Over 50% of employees find their jobs through networking.
How many of you reading this post have gotten a job in the past because of someone you knew? This happens all of the time and in my opinion, has a lot to do with why 80% of the available jobs go unadvertised.
28.5% of new hires get their jobs through employee referrals.
This is another spin-off of networking. Employers often times turn to their most trusted employees for leads when it comes time to fill a position. Employers are more apt to trust a person that comes by referral rather than someone that does not have a connection with the company.
24% of employees find their jobs through direct contact with employers.
This is not for the shy or faint at heart. Direct contact with employers, i.e., cold calling, site visits, informational interviews, is a great way to be noticed and get interviews. There is a lot of preparation involved, however. You can’t just pick up the phone and call an employer or waltz right into their offices and ask for a job. You need to conduct sufficient research on the company before you do any of this.
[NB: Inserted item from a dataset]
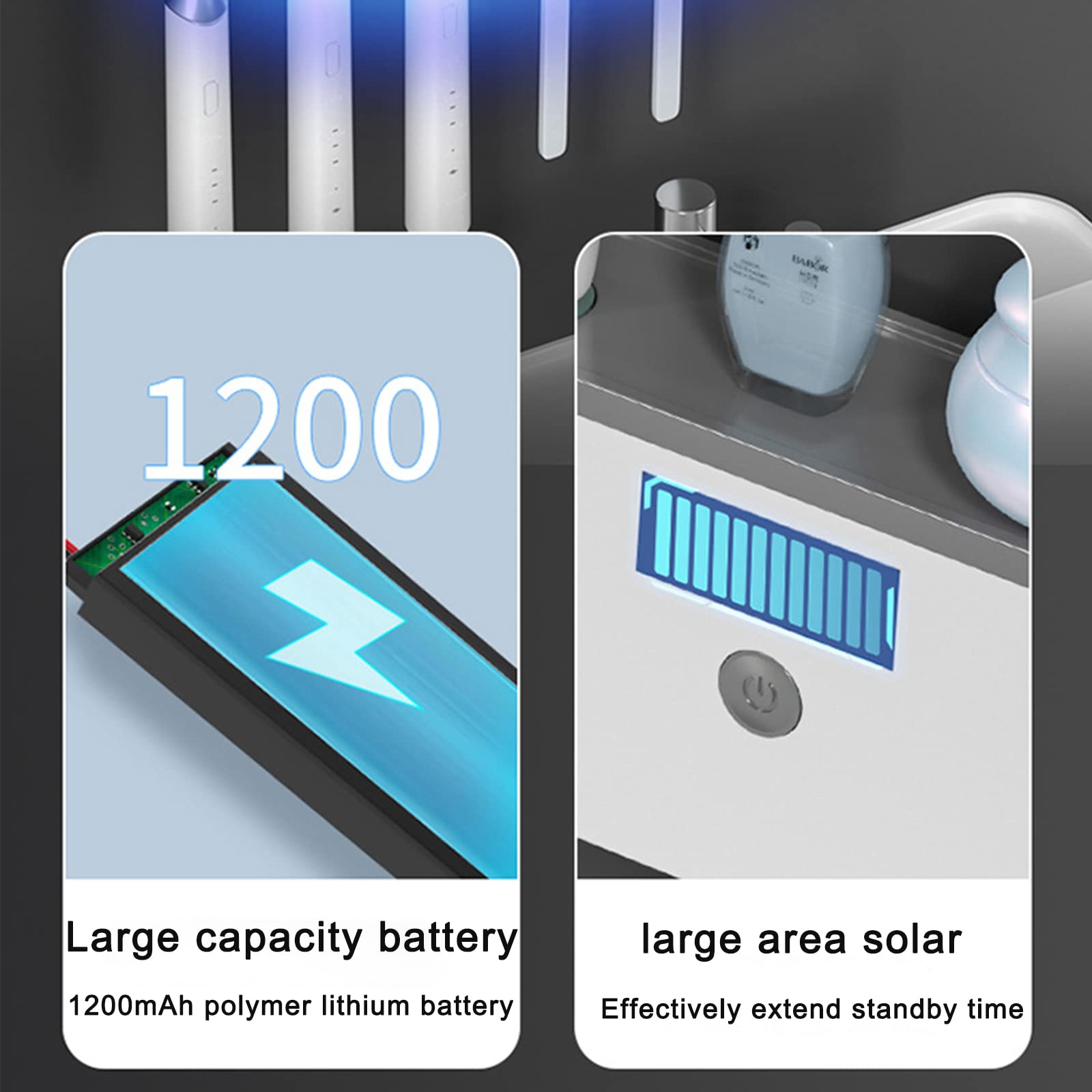 Desinfectante UV, soporte para cepillo de dientes montado en la pared con función de esterilización, desinfectante para cepillo de dientes eléctrico, secado al aire, organizador de baño, recargable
You need to learn about the company, its mission, values, leadership, recent developments, etc. so that you can see how you could possibly fit into their team.
Obviously, there is something missing. There are other ways to land a job. The problem is that the success rate of these alternative methods is rather poor. For instance, only 6% of employees find their jobs through school placement offices or career centers. 5% find their jobs through classified ads. 4% find their jobs through employment agencies and only 2.8% find their jobs through internet sites. So what’s the advice here? Don’t totally ignore these avenues. Use your time wisely and spread you efforts across all these alternatives discussed and you’ll be sure to have a more successful job search.